Le procureur Yves Teyssier tente de distinguer les rôles au sein du groupuscule d’ultra-droite. Son credo, lui, semble clair. « Certains ont en commun le foot ; pour d’autres, c’est le regroupement autour de la haine. La haine du voisin. La haine de celui qui n’est pas vous. »
■ « Autant de mots, autant de gifles »
Les prévenus défilent à la barre, sous le regard accusateur du président du centre LGBT de Nice et de son avocate. « Autant de mots, autant de gifles », assène Me Caroline Reverso-Menietti. Elle salue « une victoire, déjà : depuis janvier, plus de Nice nationaliste sur les réseaux sociaux. »

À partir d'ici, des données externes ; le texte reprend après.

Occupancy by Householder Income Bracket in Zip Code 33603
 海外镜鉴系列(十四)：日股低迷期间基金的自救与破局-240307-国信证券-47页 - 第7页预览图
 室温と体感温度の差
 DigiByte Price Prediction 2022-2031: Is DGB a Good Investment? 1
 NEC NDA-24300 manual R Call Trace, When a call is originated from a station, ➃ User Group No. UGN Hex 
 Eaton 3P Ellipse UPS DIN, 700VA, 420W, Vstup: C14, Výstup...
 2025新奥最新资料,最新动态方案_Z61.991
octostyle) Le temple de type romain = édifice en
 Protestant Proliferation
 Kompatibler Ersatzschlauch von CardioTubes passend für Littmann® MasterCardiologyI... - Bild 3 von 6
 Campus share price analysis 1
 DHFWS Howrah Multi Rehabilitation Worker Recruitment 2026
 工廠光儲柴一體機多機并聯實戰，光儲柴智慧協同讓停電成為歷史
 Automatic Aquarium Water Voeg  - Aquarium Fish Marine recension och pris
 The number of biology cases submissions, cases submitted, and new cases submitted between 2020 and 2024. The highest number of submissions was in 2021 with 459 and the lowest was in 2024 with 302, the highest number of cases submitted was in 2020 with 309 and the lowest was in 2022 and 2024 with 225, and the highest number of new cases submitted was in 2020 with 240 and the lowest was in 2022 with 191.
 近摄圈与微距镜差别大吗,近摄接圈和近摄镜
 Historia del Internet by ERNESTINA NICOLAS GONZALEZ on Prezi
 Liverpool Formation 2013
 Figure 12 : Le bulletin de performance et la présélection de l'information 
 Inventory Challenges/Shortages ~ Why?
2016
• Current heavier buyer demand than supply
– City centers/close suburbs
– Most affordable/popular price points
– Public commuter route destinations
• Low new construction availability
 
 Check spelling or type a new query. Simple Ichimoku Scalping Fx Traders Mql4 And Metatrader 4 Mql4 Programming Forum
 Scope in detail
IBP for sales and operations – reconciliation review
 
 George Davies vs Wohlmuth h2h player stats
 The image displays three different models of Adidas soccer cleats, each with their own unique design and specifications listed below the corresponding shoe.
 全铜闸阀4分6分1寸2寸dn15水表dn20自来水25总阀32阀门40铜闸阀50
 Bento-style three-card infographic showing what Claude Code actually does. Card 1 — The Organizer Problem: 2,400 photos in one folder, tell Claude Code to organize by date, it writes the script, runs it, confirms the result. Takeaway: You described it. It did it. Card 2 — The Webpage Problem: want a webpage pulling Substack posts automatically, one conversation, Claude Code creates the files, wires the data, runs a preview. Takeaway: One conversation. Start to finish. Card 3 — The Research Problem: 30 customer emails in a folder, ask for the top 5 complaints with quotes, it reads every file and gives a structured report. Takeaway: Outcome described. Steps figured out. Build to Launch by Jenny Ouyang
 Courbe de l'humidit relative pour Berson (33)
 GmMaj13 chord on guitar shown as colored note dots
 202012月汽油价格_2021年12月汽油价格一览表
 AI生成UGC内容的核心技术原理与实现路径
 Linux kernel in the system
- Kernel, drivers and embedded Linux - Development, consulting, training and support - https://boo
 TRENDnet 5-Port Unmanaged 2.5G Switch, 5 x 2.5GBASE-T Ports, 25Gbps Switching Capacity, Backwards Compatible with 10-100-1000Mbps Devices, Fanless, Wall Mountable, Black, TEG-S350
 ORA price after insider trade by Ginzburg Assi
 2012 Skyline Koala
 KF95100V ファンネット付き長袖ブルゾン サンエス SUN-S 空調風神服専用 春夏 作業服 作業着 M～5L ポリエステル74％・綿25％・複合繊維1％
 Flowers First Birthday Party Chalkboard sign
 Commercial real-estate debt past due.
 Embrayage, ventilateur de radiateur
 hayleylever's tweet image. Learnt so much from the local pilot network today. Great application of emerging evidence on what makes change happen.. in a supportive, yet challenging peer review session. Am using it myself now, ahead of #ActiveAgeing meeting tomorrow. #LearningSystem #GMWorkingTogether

Au-delà du coup de semonce judiciaire, ses militants ont-ils réellement changé ? Certains flirtaient avec le sulfureux Parti nationaliste français (émanation de l’OEuvre française) et son porteparole, Yvan Benedetti. D’autres ont voué une admiration à un groupe néonazi ukrainien, Misanthropic division. Me David Rebibou, avocat du Crif, pointe l’influence qu’ont pu exercer les identitaires de Nissa rebela : « Nous avons là des disciples de Vardon(1) et de Benedetti. » « Est-ce qu’ils vont recommencer ? Non» , certifie Me Candice Solean, l’avocate de Clément D. Yohan C., lui, « a pris conscience de l’inconséquence de son comportement. Il s’en est repenti », martèle Me Julien Darras. La défense, à l’instar de Me Matthieu Bottin, pointe surtout des problèmes de droit pour plaider la relaxe. Le procureur requiert six mois de prison pour les attaques homophobes, six mois contre Yohan et un an ferme contre Clément pour leurs diatribes antisémites, du sursis pour les autres. Le tribunal tranchera le 26 novembre.